For people who are asking to know what everyday life is like, here is a snapshot of our day today...

Today, Jonas had a screening at Taipei American School to see what grade level he fits into, since his birthday is right on the border between kindergarten and first grade. On our way in, he dropped his lollypop that he'd received from the doctor earlier this morning (he has pink-eye and a stopped-up nose - he says little people called the Booger People live in his nose and, among other things, they make him do naughty things). I felt bad about the lollypop because I knew he was nervous about the screeing, so I promised a trip to child-mecca, 7-11, afterwards.

At 7-11, he picked out an ultra-man belt for himself and some bubbles for Ada.
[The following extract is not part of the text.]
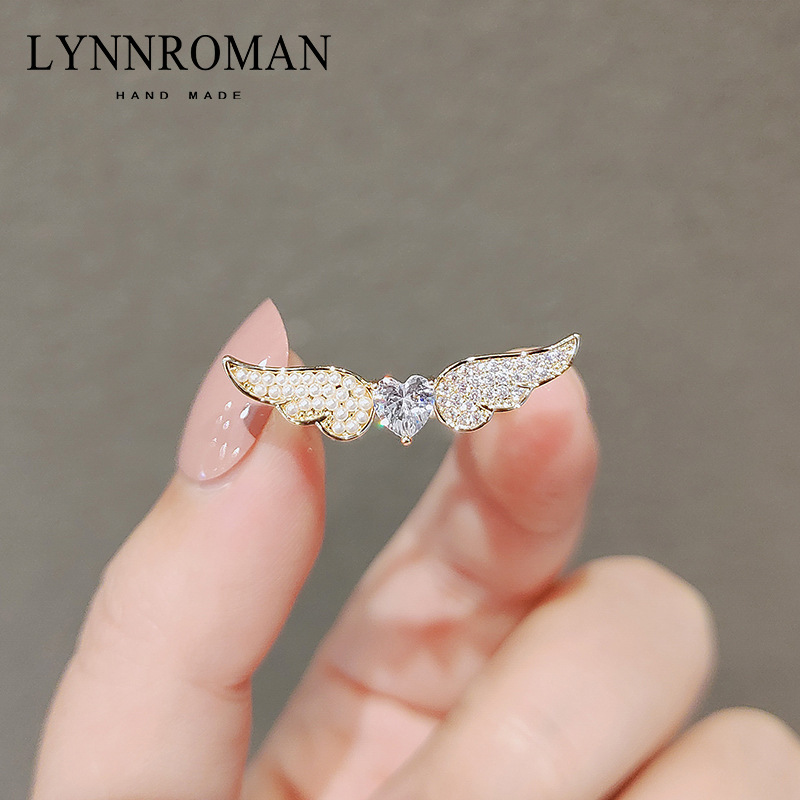 Ring Light Luxury Minority Angel Wings Switchable Index Finger Ring Ins Trendy High Sense Fashion Unique Exquisite Ring Female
He was so excited about the belt and couldn't wait to get home to put together his whole outfit, with the belt and also black gloves he got a few weeks ago. He talked about it all day and begged to have time to play with the new toy.

When we finally got home, what did he play with? The ultra-man belt? No. Dish towels. He and Ada fashioned them around themselves with rubber bands and danced like crazy for well over an hour. You can see it here. I'm not complaining, because I'm proud of how clever he and Ada can be with everyday objects, but why do I even bother buying toys in the first place?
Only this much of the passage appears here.